This course will explore the cultural, intellectual, and political knowledge produced by Black people in the United States and within the African Diaspora and how this knowledge continues to define, expand, and challenge the textured experiences of Black life in America and the world. Students will be exposed to a genealogy of Black thinkers, artists, activists, and critics who view the production, analysis, and dissemination of knowledge as necessary responses to structures of social, political, and economic domination and oppression. Students will also consider the extent to which knowledge has shifted meanings of blackness across time and space as well as in response to specific structures and events (slavery, colonialism, liberation, neoliberalism). Significant focus is given to issues of race and racism.

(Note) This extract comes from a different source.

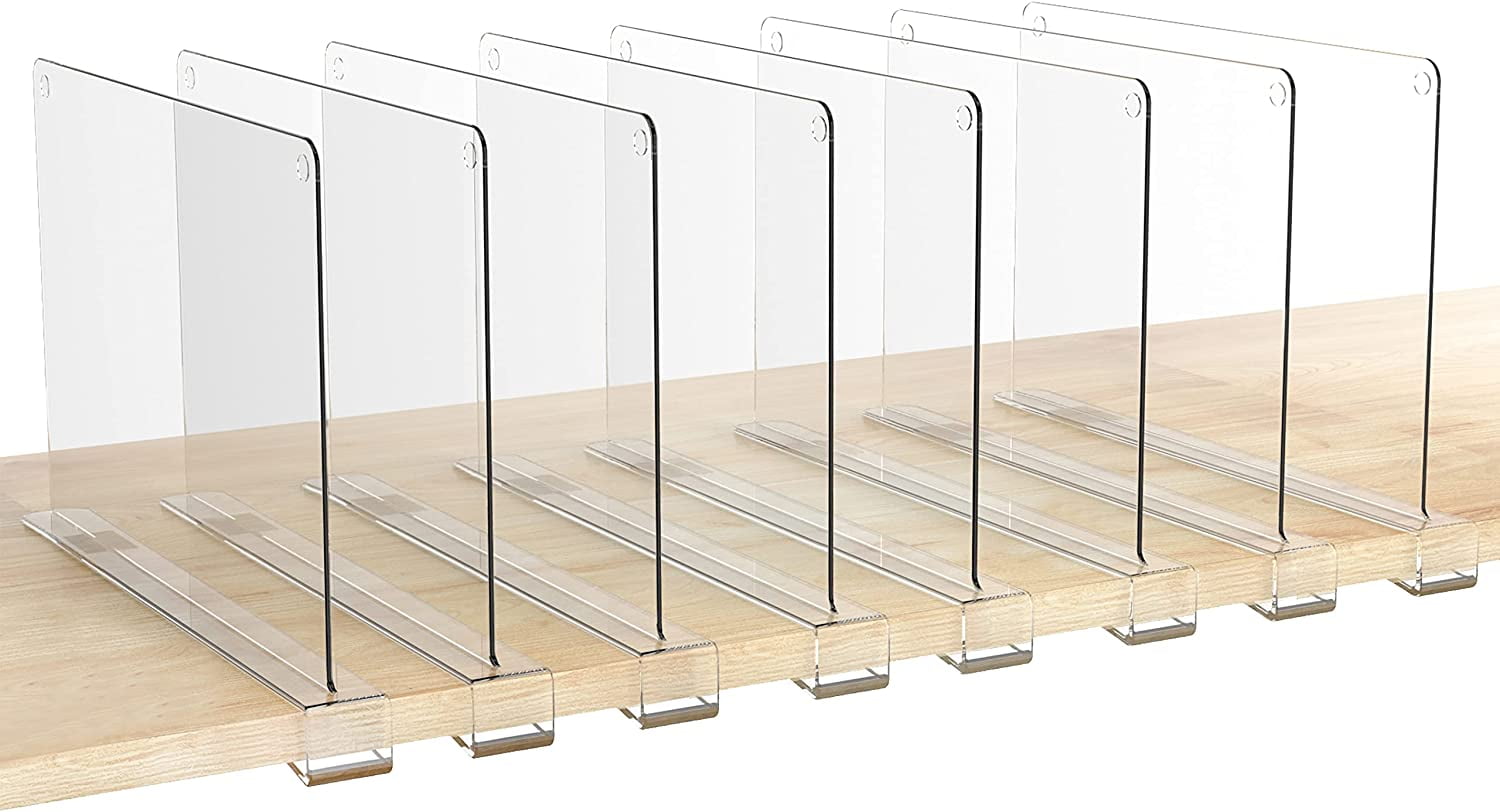 HBlife 6 Pack Shelf Dividers Closet Shelves for Wood Shelves Cabinets  Bedroom Organization and Storage, Clear Acrylic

- Comparatively examine selected Enlightenment philosophies and the politicized interplay with Black philosophical paradigms, in order to effectively engage with micro- and macro- modes of knowledge production.
- Describe the historical genealogy of Black philosophical paradigms in the United States and their concomitant impact of the social, political, economic, and cultural structuring of African American existence.
- Examine Western philosophical paradigms that preceded the emergence of Black intellectual paradigms in order to comparatively interrogate the impetus embodying black philosophical movements and traditions.
- Obtain a competent understanding of the history and development of Black intellectual paradigms.
Minnesota Transfer Curriculum
- Understand the development of and the changing meanings of group identities in the United States' history and culture.
- Demonstrate an awareness of the individual and institutional dynamics of unequal power relations between groups in contemporary society.
- Analyze their own attitudes, behaviors, concepts and beliefs regarding diversity, racism, and bigotry.
- Describe and discuss the experience and contributions (political, social, economic, etc.) of the many groups that shape American society and culture, in particular those groups that have suffered discrimination and exclusion.
- Demonstrate communication skills necessary for living and working effectively in a society with great population diversity.